'This is disproportionate'

Cutbacks cause shock at Centre for Academic Teaching & Learning

Foto DUB

The CAT is one of the parts of the University Administrative Service (UBD) that has been hit hard by the cuts there. The centre has been tasked with cutting costs by 850,000 euros.

Converted to full-time jobs, this amounts to 10 FTE of the current 32 FTE. A total of forty people work at the university department. It seems inevitable that the CAT will have to undergo a reorganisation.

‘This naturally leads to great uncertainty and a lot of concern, but at the same time you also see that people are fighting back and working hard. Everyone is convinced of the added value of our work,’ says director Bald de Vries.

Bill elsewhere
The director understands that cutbacks are necessary, but considers the blow to the CAT to be ‘disproportionate.’ Especially when the halving of the budget for the Utrecht Education Incentive Fund, for which the CAT is responsible, is also taken into account.
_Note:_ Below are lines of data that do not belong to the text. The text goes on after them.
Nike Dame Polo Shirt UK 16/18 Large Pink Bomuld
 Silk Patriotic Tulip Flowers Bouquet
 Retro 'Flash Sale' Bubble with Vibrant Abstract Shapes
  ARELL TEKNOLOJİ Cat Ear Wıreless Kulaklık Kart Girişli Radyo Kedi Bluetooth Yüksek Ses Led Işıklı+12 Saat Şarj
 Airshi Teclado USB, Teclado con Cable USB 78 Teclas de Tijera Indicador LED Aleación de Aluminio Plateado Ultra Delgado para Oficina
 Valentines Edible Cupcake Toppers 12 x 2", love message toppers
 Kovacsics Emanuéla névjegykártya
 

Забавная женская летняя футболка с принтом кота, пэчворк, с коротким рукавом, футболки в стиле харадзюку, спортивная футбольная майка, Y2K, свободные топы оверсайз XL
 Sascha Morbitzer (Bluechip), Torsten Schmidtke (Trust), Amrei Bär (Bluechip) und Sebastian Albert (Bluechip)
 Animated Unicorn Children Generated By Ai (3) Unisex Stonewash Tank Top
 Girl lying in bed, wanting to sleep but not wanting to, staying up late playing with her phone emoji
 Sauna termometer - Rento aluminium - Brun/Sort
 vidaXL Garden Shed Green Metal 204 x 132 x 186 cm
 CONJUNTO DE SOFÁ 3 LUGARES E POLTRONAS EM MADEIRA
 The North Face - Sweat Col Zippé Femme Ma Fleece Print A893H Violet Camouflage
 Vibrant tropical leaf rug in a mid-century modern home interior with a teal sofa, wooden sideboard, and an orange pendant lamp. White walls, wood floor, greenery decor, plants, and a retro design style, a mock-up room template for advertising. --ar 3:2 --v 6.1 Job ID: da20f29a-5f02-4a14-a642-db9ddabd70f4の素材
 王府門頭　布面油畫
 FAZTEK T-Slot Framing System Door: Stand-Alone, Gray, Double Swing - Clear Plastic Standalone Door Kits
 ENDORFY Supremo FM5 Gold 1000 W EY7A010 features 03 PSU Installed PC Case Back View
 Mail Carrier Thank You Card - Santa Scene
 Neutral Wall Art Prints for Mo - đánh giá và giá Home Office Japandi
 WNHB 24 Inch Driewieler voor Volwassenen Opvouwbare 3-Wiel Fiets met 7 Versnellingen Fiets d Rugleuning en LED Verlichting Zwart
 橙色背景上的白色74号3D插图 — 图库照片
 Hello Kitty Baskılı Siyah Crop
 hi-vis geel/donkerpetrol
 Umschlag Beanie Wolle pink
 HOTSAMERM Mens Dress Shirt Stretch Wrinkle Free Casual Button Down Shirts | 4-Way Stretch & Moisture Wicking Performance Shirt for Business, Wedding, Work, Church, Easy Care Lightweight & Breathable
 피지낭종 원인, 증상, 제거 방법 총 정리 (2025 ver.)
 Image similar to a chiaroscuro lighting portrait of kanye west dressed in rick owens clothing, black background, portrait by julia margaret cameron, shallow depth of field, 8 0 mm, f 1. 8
That will go from 2 to 1 million.

According to him, the CAT is being asked to cough up 12.5 per cent of the total cuts, while its budget only accounts for 4 per cent of the UBD budget.

According to De Vries, there is also a real chance that the bill will end up being footed by someone else. He is now receiving a lot of support from the faculties, where there are serious concerns about the consequences of the cuts at the central level.

After all, the CAT was established eight years ago to bring together all initiatives in the field of teacher development and educational innovation within the university. At the opening, then-rector Bert van der Zwaan spoke of “the dynamo of educational professionalisation”. Among other things, the educational leadership course and the Educate-IT programme for technological support of academic education now fall under the centre.

De Vries: 'The reports on the cutbacks mainly focus on the reduction in services, but in my opinion that does not fully reflect what we do. We really contribute substantively when it comes to discussions about changes in education.

‘In addition, we are also an essential link in all kinds of chains. We provide teacher support for the radical transition to the new BrightSpace digital learning environment. Within the faculties, they realise that you can't just cross out things like that.’

Own plan
The CAT director does not know whether the UU decision can still be reversed or toned down. He wants to come up with his own plan within a few months, which he hopes will enable him to meet the imposed budget cuts.

‘There is no doubt that cuts have to be made. I would just have preferred to have been involved at a much earlier stage in the substantive considerations that have to be made in such a process.’